> [Directions for this task]
In the entries below, find the line with "Adorable Double-Layer Noodle" and the line with "Magnetic Impact-Resistant Phone"; reproduce those two lines and all lines between them exactly, without pictures.

> [Data extracts]
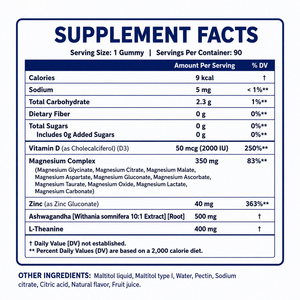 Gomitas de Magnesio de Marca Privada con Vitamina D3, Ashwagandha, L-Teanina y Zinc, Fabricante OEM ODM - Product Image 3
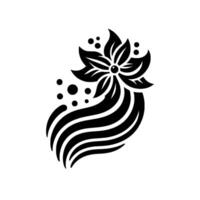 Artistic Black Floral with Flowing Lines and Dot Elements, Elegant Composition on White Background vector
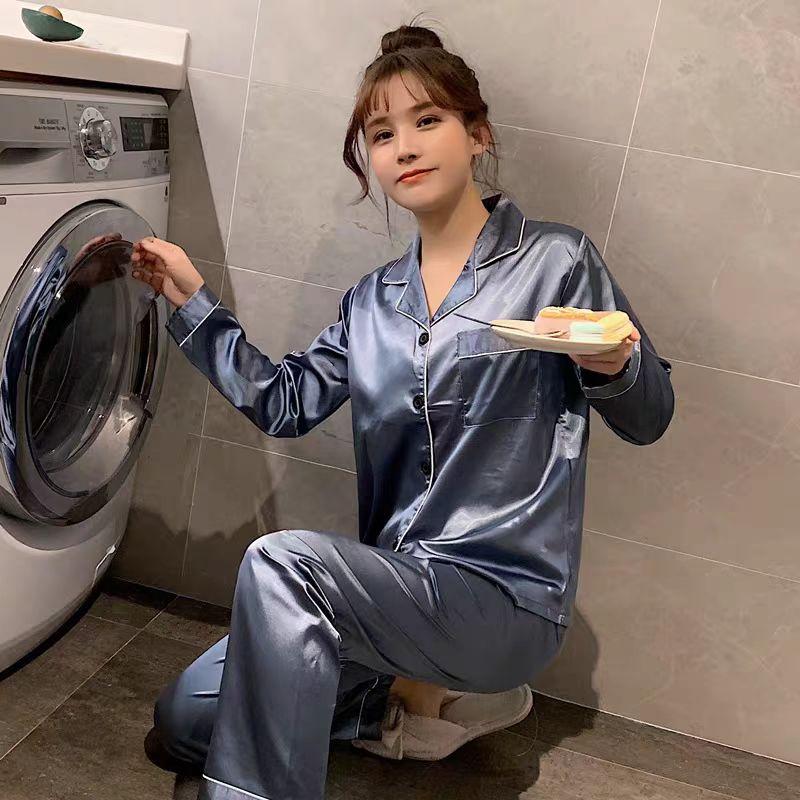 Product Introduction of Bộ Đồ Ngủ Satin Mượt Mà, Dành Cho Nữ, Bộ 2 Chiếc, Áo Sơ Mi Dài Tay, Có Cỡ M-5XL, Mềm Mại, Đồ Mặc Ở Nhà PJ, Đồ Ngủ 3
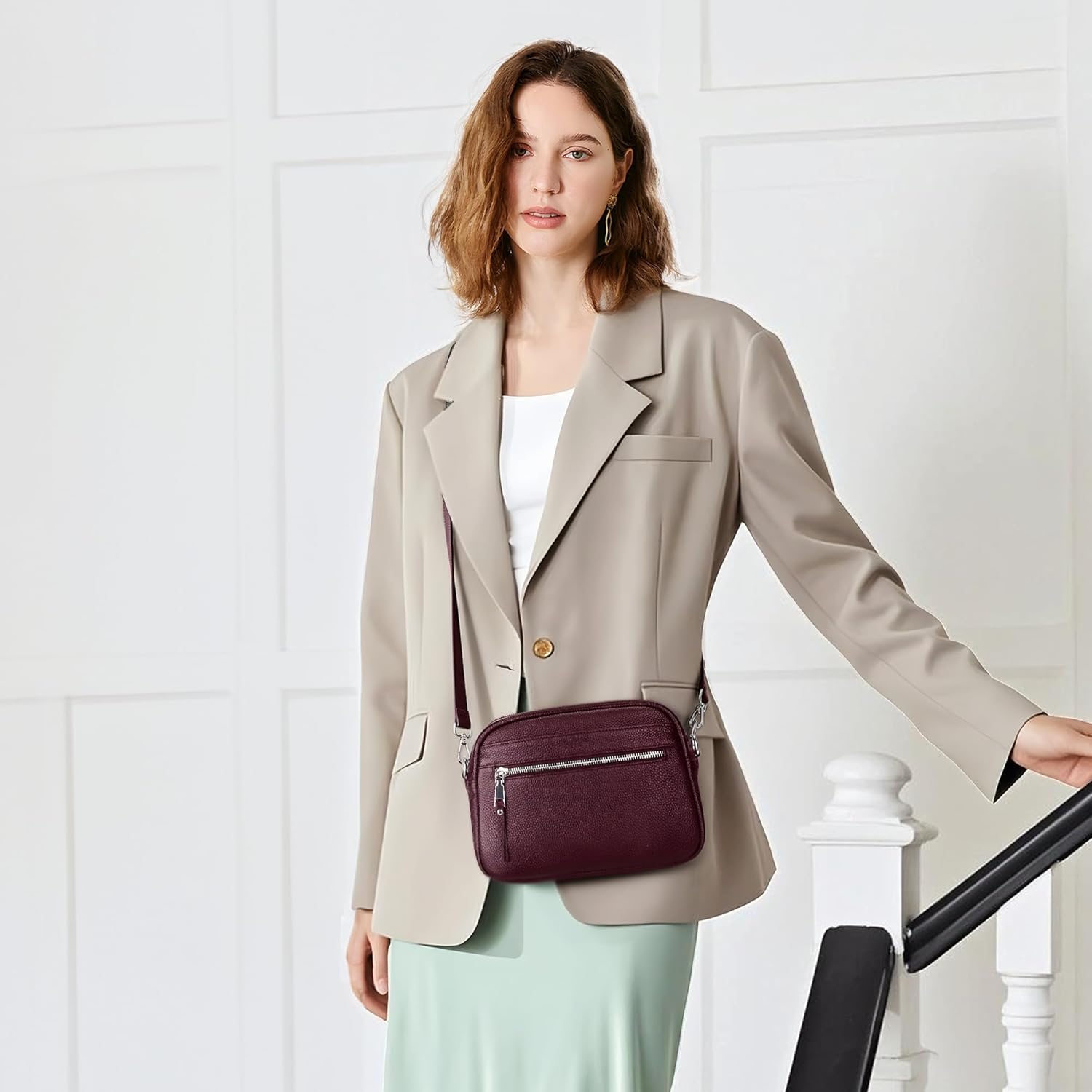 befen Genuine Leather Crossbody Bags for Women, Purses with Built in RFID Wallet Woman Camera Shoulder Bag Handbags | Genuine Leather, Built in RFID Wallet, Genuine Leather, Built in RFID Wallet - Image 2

--

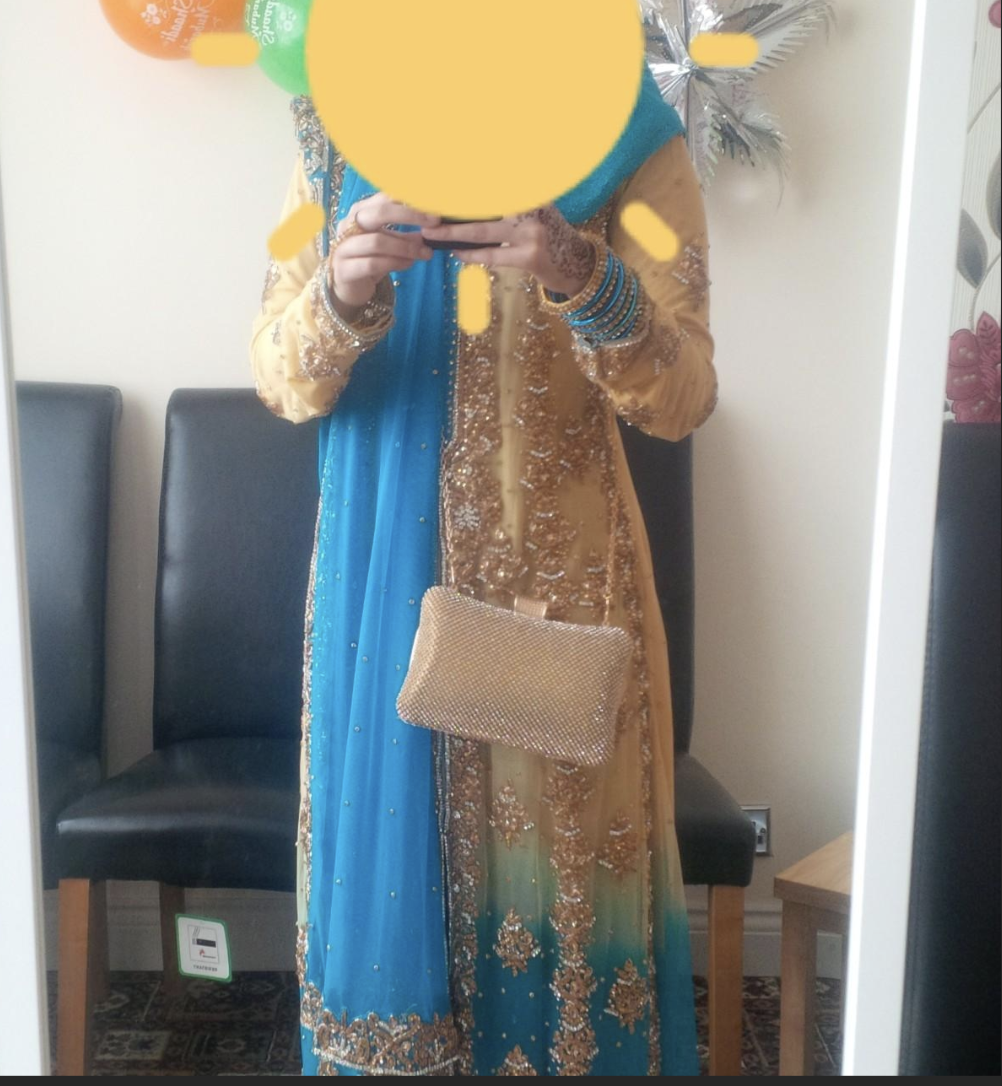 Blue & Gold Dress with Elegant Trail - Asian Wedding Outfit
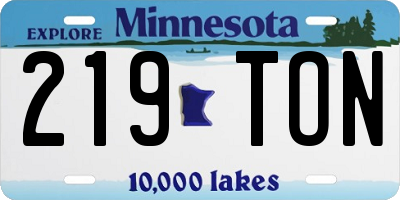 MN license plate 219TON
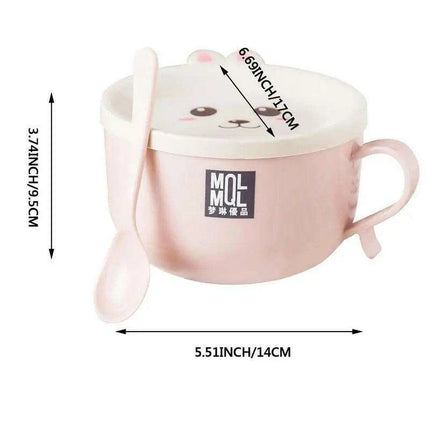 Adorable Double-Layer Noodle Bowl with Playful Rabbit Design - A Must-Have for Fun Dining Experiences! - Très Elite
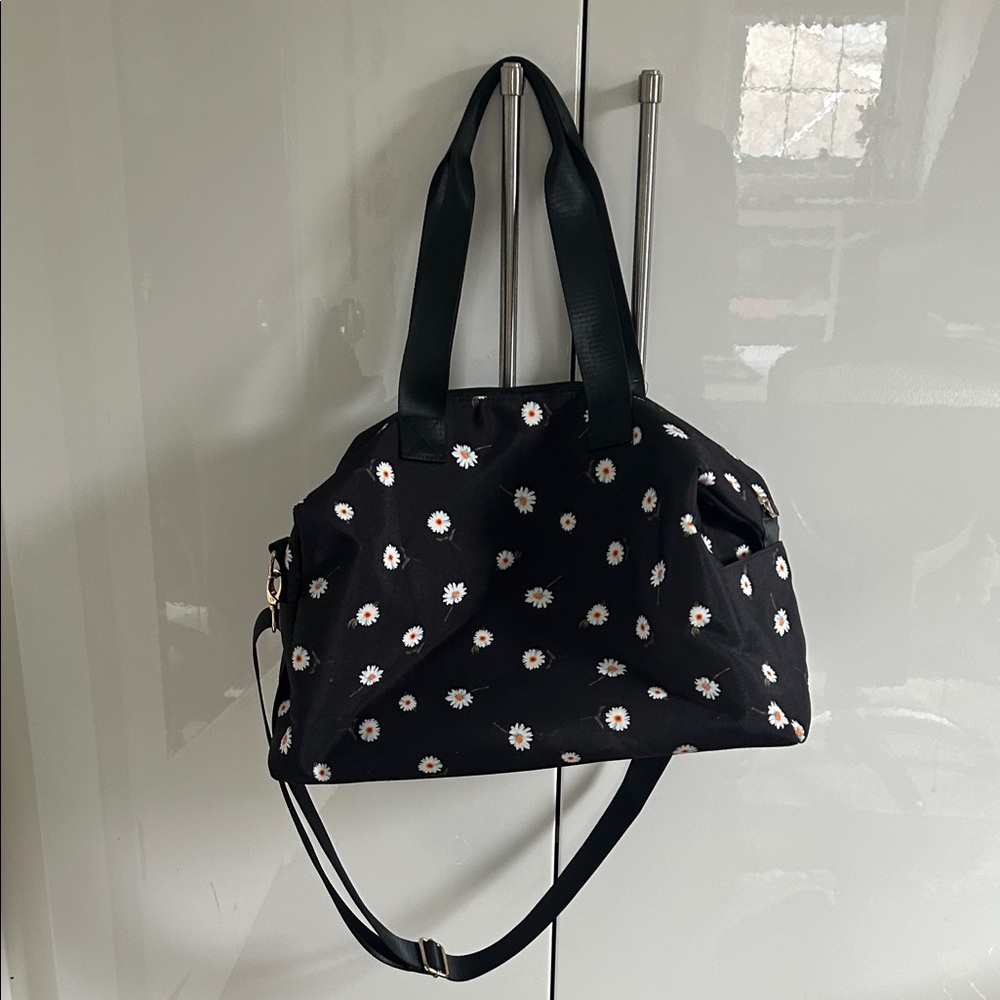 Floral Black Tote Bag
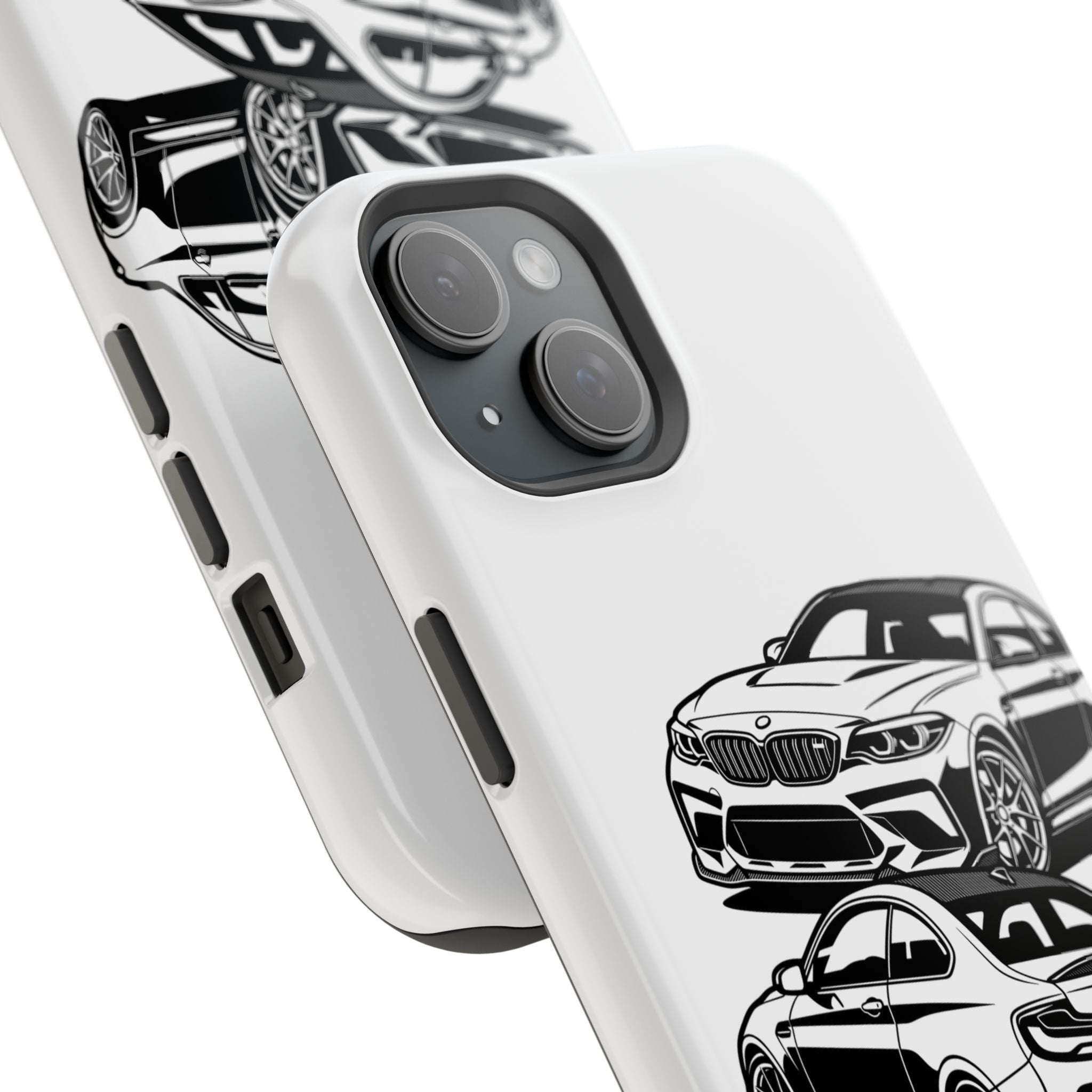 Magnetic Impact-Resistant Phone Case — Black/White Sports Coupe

> [Solution]
 Adorable Double-Layer Noodle Bowl with Playful Rabbit Design - A Must-Have for Fun Dining Experiences! - Très Elite
 Floral Black Tote Bag
 Magnetic Impact-Resistant Phone Case — Black/White Sports Coupe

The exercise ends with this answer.